El arribo de la delegación estadounidense se da en un contexto de cifras históricas de personas que buscan ingresar a Estados Unidos a través de la frontera mexicana, con más de 2.2 millones de migrantes registrados de enero a noviembre. Esta visita cobra especial relevancia en medio del avance de una considerable caravana migrante, la más numerosa del año, que partió en Nochebuena con casi 10,000 personas.

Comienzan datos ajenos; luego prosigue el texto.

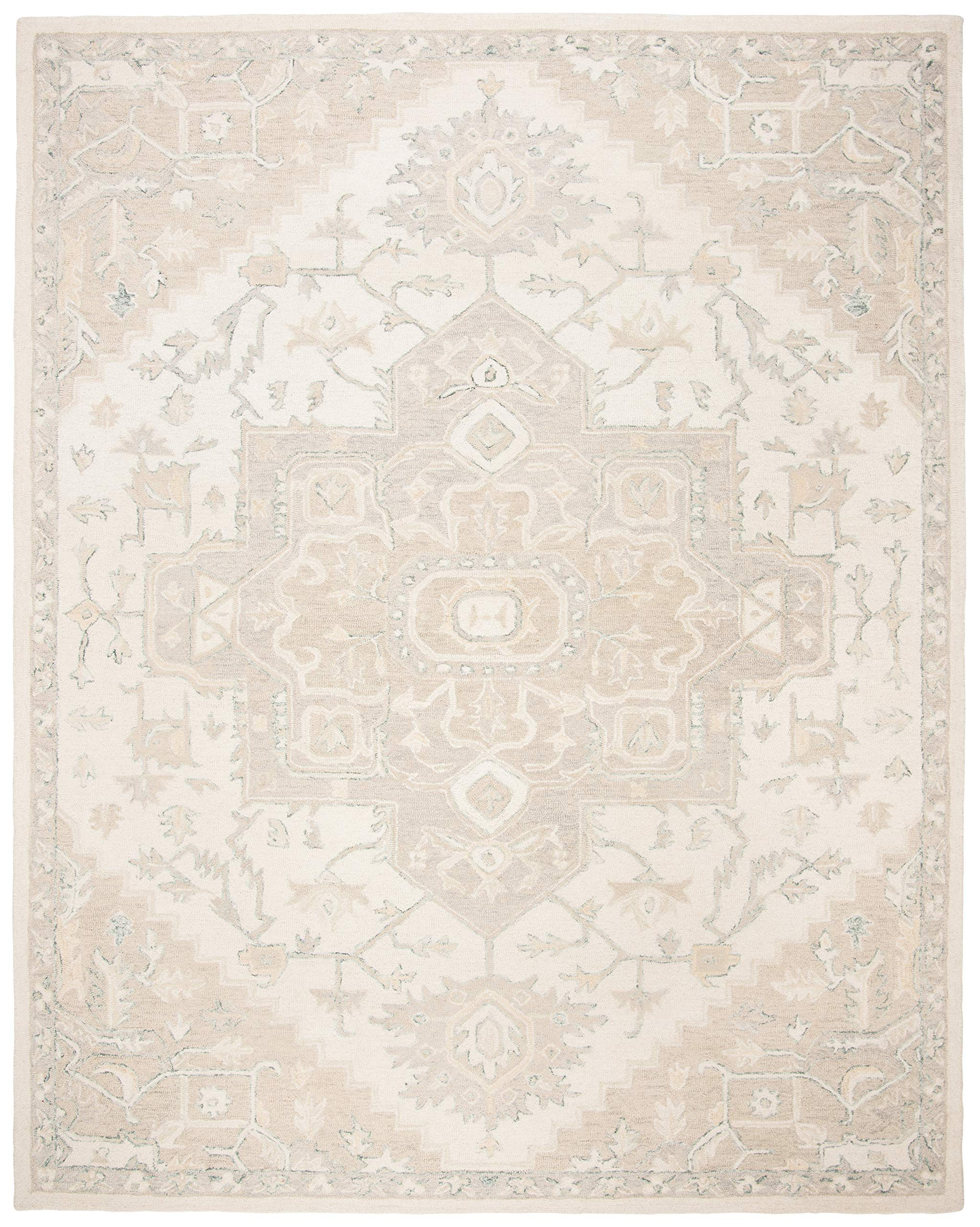 SAFAVIEH Micro-Loop Collection Area Rug - 8' x 10', Ivory & Beige, Handmade Shabby Chic Medallion... | Amazon (US)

A pesar de especulaciones y reportes de la prensa internacional que sugieren que la delegación estadounidense podría abogar por un mayor control migratorio, el presidente López Obrador rechazó tal posibilidad durante su rueda de prensa matutina. Destacó que la postura de México siempre ha sido abordar las causas subyacentes de la migración, abogando por la ayuda a países pobres para mitigar las crisis económicas y políticas que provocan los flujos migratorios.
Este encuentro entre México y Estados Unidos busca fortalecer el diálogo entre ambas naciones en un tema crucial y complejo que ha generado tensiones y desafíos a lo largo del tiempo. Ambas partes buscan encontrar soluciones conjuntas que beneficien a ambas naciones y aborden las preocupaciones y desafíos en materia migratoria.